A key issue in the development or enforcement of non-compete agreements—the consideration offered to the employee in exchange for the non-compete—has been a particularly active area for courts recently. In a typical contract case, the issue of consideration is relatively straight-forward: was there an exchange of promises? But in the non-compete context, even in those jurisdictions where the law states that the adequacy of consideration is not for courts to decide, courts routinely do just that. For example, in some states like Minnesota, employers are all but certain to find themselves with an unenforceable agreement if they ask current employees to sign a non-competition agreement in exchange for only the promise of continued employment. In these jurisdictions, courts generally find that if a non-compete is offered after the initial employment offer, the employer must provide some additional promise over and above continued employment.
In Illinois, the issue of continued employment has been a particularly hot issue; there, the state and federal courts cannot seem to make a final decision on whether an employee who is offered employment in exchange for signing a non-compete must also continue to work at the employer for at least two years in order for the non-compete to be supported by adequate consideration, and therefore, enforceable. The roller coaster of decisions following the June 2013 decision, Fifield v.

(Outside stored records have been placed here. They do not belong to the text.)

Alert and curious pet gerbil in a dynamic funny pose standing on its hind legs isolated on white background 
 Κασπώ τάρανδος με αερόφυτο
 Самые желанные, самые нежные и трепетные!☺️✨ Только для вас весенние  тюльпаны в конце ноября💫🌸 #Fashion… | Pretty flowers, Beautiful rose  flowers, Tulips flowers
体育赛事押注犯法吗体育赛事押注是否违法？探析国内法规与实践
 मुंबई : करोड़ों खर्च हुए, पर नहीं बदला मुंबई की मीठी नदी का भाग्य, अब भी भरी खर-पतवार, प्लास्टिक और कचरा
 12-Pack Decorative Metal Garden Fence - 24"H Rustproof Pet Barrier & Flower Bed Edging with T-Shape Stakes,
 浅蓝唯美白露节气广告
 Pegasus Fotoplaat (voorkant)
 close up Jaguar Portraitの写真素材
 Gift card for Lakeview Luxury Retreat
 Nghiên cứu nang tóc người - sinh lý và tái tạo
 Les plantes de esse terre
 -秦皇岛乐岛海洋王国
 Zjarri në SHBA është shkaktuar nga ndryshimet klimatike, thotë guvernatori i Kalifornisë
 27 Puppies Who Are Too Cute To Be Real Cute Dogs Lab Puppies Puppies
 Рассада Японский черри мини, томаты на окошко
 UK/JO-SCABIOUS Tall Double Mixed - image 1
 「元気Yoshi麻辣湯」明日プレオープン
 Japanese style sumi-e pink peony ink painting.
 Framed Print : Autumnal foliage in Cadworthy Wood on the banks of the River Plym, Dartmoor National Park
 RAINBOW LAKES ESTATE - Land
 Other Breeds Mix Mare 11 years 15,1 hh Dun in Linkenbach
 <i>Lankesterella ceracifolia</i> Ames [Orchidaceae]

Premier Dealer Services—in which an Illinois appellate court held that an employee must continue to work for an employer for two years if the consideration for the non-compete agreement is the employment itself—indicates that Fifield’s holding continues to be controversial. Some federal courts within Illinois have refused to apply it, or otherwise found that it does not create a bright-line test, and there is at least one dissenting opinion in another Illinois appellate court opinion questioning whether a two-year threshold truly exists.
In Pennsylvania, a different twist on the issue of consideration for non-competes is currently pending before the Pennsylvania Supreme Court. The question in that case, Socko v. Mid-Atlantic Systems of CPA, Inc., is whether the inclusion of language in a non-compete agreement that, under Pennsylvania’s Uniform Written Obligations Act (UWOA), would otherwise prevent a party from challenging consideration, will suffice for consideration if the employee did not receive an additional benefit for signing a non-compete after employment commenced. If the court determines that inclusion of the UWOA language does not create consideration for non-competes, it will be yet another decision limiting an employer’s ability to establish that consideration for a non-compete exists.
But not all jurisdictions are narrowing—or considering narrowing—the range of promises that can constitute consideration for a non-compete. On April 30, 2015, the Wisconsin Supreme Court (mostly) determined that continued employment can constitute adequate consideration for a non-compete agreement. But significantly, the decision doesn’t resolve the question completely—it also states that if an employer terminates an employee shortly after signing a non-compete agreement, the contract still might not be enforceable if the employee could show, for example, that he or she was fraudulently induced into signing the agreement.
What these and other recent cases show is that the issue of what an employer promises in exchange for an employee’s promise not to compete after employment continues to evolve, jurisdiction by jurisdiction. Employers are well advised to ensure that they offer a promise in exchange for a post-employment restrictive covenant that will adequately protect their interests in the future.